Referring to FIG. 1, microwave/convection/broiling oven 10 includes a magnetron 12, quartz lamps 14 and 15 (FIG. 2) and a heat-exchanger/fan 16. The magnetron 12 generates microwave radiation for microwave cooking. The quartz lamps 14 and 15 generate infrared radiation both for direct broiling and for convection cooking.

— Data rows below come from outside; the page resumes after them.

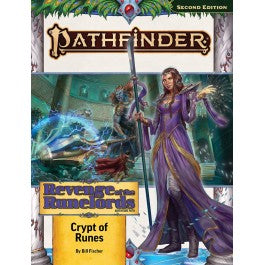 Pathfinder Adventure Path: Crypt of Runes (Revenge of the Runelords 2 of 3) (P2)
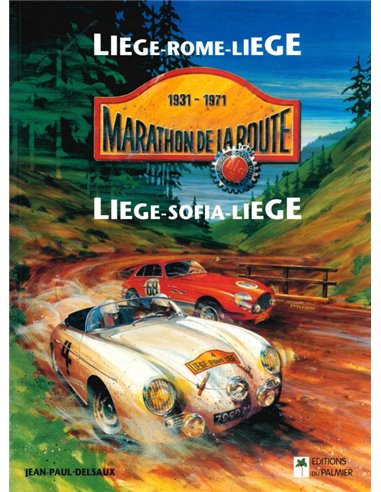 1931-1971 MARATHON DE LA ROUTE: LIEGE - ROME - LIGE / LIEGE - SOFIA- LIEGE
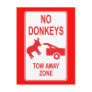 No Donkeys: Tow Away Zone Post Card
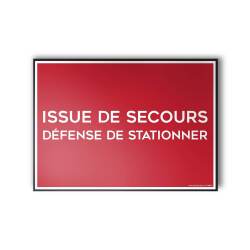 Panneau évacuation - Issue de secours, défense de stationner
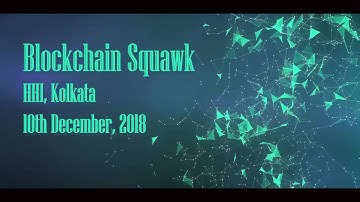 Blockchain Squawk Kolkata | Jaspreet Bindra | Jorg Molt | JB Ram | NMCCX | HHI | Cryptocurrency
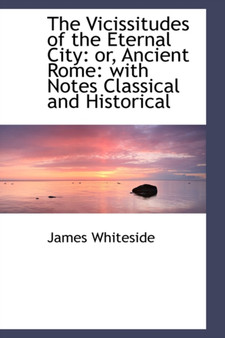 The Vicissitudes of the Eternal City : Or, Ancient Rome: With Notes Classical and Historical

The microwaves from magnetron 12 communicate to a top entry port 20 in cavity 18 through waveguide 22. Microwave shield 21 (micra in the preferred embodiment) allows microwave to pass but constricts the passage of air through entry port 22. Heat exchanger/fan 16 is rotatably mounted via shaft 24 and bearing shaft 26. Shaft 24 is connected to pulley 30. Motor 28 drives pulley 30 for rotation of fan 16. The bearing shaft 26 extends through port 20 and waveguide 22. Baffle 32 is angled at 49° relative to the waveguide, and mounted immediately anterior the bearing shaft 26 and partially wraps around it. This baffle 32 deflects microwaves down and out port 20 to avoid backscattering by bearing shaft 26. Baffle 33 is angled at 45°. Quartz lamps 14 and 15 are mounted immediately below heat-exchanger/fan 16. The forward ends of the quartz lamps 14 and 15 are mounted on cavity ceiling and rear ends are mounted on the cavity's rear verticle panel (see below).
The heat-exchanger/fan 16 is driven at a constant angular velocity throughout all cooking operations. The speed of rotation is not critical and may be varied by the designer as desired. In the preferred embodiment, the speed of rotation is 438 r.p.m.'s.

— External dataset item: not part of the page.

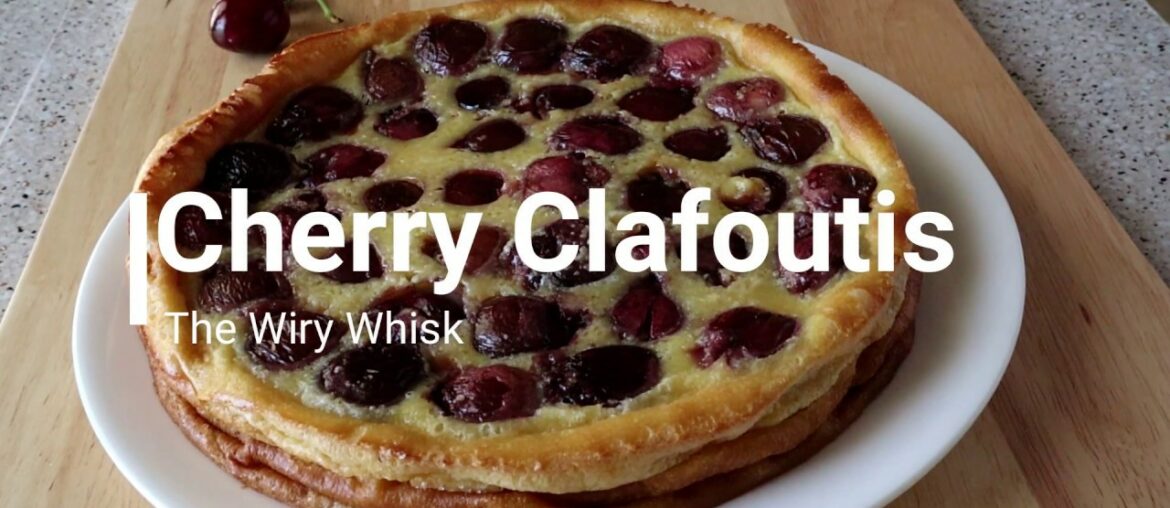 Easy Cherry Clafoutis Recipe - French Custard Dessert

In reference to FIG. 2, each quartz lamp 14, 15 is comprised of a quartz tube 38; a spiral metallic resistance element 40, composed of a resistive metal such as NiCr whose length is adjusted such that after it has been heated it exhibits a small spring tension when it is stretched the length of the quartz tube 38; a half-tube of ceramic paper 42; identical endcaps 44 and 46; and rivets 48 and 50.
The ceramic paper may be obtained from Radiant Heat, Inc., 4 Sawyer Dr., Coventry, R.I. 02816.
The quartz lamp is assembled by placing the fragile ceramic paper around the coiled spring 40, inserting the combination into the tube 38, inserting the rivets 48 and 50 into endcaps 44 and 46, inserting the end of the coil 40 into one rivet and crimping it, and then into the other and crimping it. Electricity is then applied to the coil. After it has been heated, it contracts, and the spring tension hold encaps 44 and 46 on the ends of quartz tube 38. An inorganic cement may be used to seal the endcaps to the quartz tubes, this to prevent damage to the lamp when removed from the oven.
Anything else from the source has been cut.